Abstract. The dominant paradigm in 3D human pose estimation that lifts a 2D pose sequence to 3D heavily relies on long-term temporal clues (i.e., using a daunting number of video frames) for improved accuracy, which incurs performance saturation, intractable computation and the non-causal problem. This can be attributed to their inherent inability to perceive spatial context as plain 2D joint coordinates carry no visual cues. To address this issue, we propose a straightforward yet powerful solution: leveraging the readily available intermediate visual representations produced by off-the-shelf (pre-trained) 2D pose detectors -- no finetuning on the 3D task is even needed. The key observation is that, while the pose detector learns to localize 2D joints, such representations (e.g., feature maps) implicitly encode the joint-centric spatial context thanks to the regional operations in backbone networks. We design a simple baseline named Context-Aware PoseFormer to showcase its effectiveness. Without access to any temporal information, the proposed method significantly outperforms its context-agnostic counterpart, PoseFormer, and other state-of-the-art methods using up to hundreds of video frames regarding both speed and precision.

Framework. A comparison between previous methods (a) and our method (b) at a framework level. Previous methods discard the learned representations produced by 2D pose detectors and heavily rely on long-term temporal information. We retrieve such visual representations and engage them in the lifting process. We selectively extract joint-context features from feature maps, enabling our single-frame model to outperform video-based models with extremely large frame numbers. Note that we do not fine-tune the feature maps on the 3D task.

Dataset Preparation

Please refer to H36M-Toolbox to set up RGB images from the Human3.6M dataset. We include this repo in our project for your convenience. All RGB images should be put under code_root/H36M-Toolbox/images/.

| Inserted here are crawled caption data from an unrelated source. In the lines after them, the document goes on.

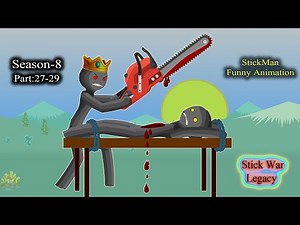 StickMan Funny Animation - Season 8 - Part 27-29 - StickWar Legacy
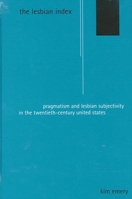 The Lesbian Index: Pragmatism and Lesbian Subjectivity in the Twentieth-Century United States 0791452247 Book Cover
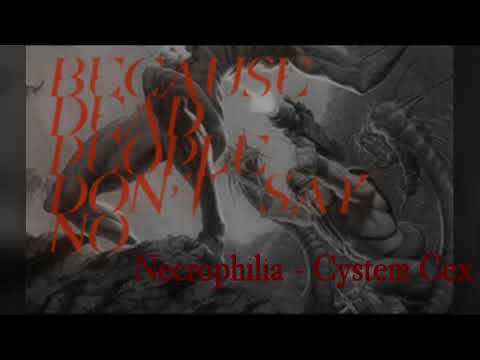 Necrophilia - Cystem Cex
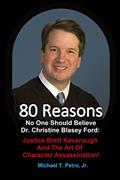 Read 80 Reasons No One Should Believe Dr. Christine Blasey Ford:: Justice Brett Kavanaugh And The Art Of Character Assassination!, written by Petro, Jr., Mr. Michael T.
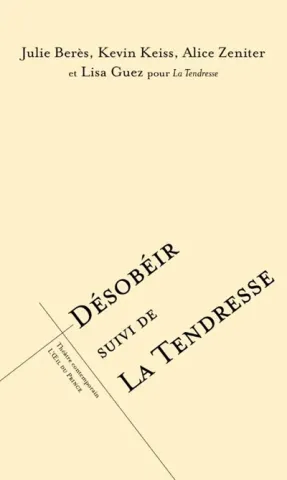 couverture La Tendresse - Désobéir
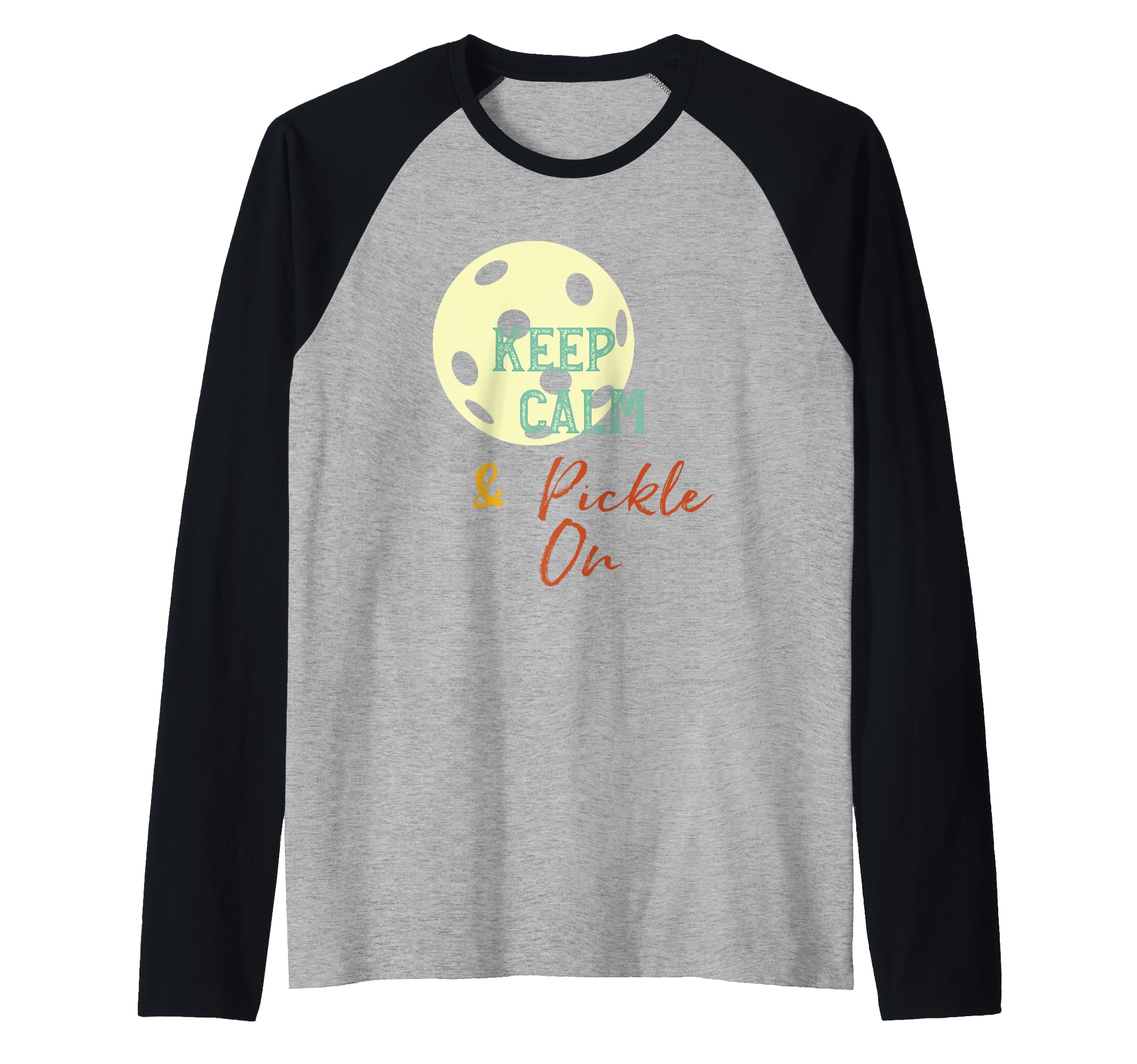 Funny Pickleball Keep calm and Pickle On Raglan Baseball Tee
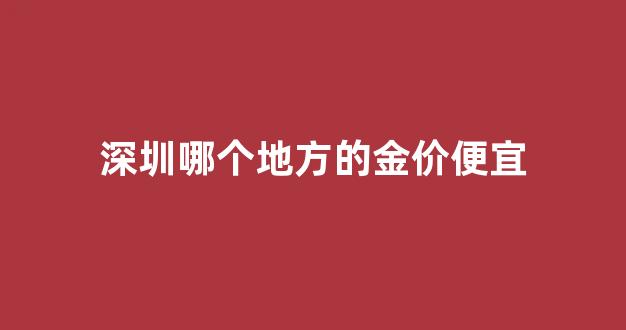 深圳哪里的黄金最真又实惠_深圳哪个地方的金价便宜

Note: Only RGB images take around 200GB of disk space, while intermediate files take even more space. Carefully remove these intermediate files after each step if you do not have sufficient disk space.
Download data_2d_h36m_cpn_ft_h36m_dbb.npz from VideoPose3D and put it under code_root/H36M-Toolbox/data/. This file contains pre-processed CPN-detected keypoints.
We modify generate_labels_h36m.py from generate_labels.py provided by H36M-Toolbox. Run generate_labels_h36m.py to generate labels (h36m_train.pkl and h36m_validation.pkl) for training and testing. It may take a while.
Pre-processed data: please check here for the pre-processed labels if you don't want to generate them yourself, but note that you still need to download the images from the dataset following the first step.
Your directory should look like this if you correctly follow the previous steps.

code_root/ 
├── README.md
├── ContextPose/
└── H36M-Toolbox/
    ├── ...
    ├── generate_labels_h36m.py
    ├── h36m_train.pkl
    ├── h36m_validation.pkl
    ├── data/
    	└── data_2d_h36m_cpn_ft_h36m_dbb.npz
    └── images/
        ├── s_01_act_02_subact_01_ca_01/
            ├── s_01_act_02_subact_01_ca_01_000001.jpg
            ├── ...
            └── s_01_act_02_subact_01_ca_01_001384.jpg
        ├── s_01_act_02_subact_01_ca_02/
        ├── ...
        └── s_11_act_16_subact_02_ca_04/

Environment

The code is developed and tested under the following environment.

Python 3.8.10
PyTorch 1.11.0
CUDA 11.3

cd ContextPose
conda create --name conposeformer --file conda-requirements.txt
conda activate conposeformer
pip install -r requirements.txt

Train

It's time to train your model! Our framework supports multiple backbone 2D joint detectors. For now, we take HRNet as an example.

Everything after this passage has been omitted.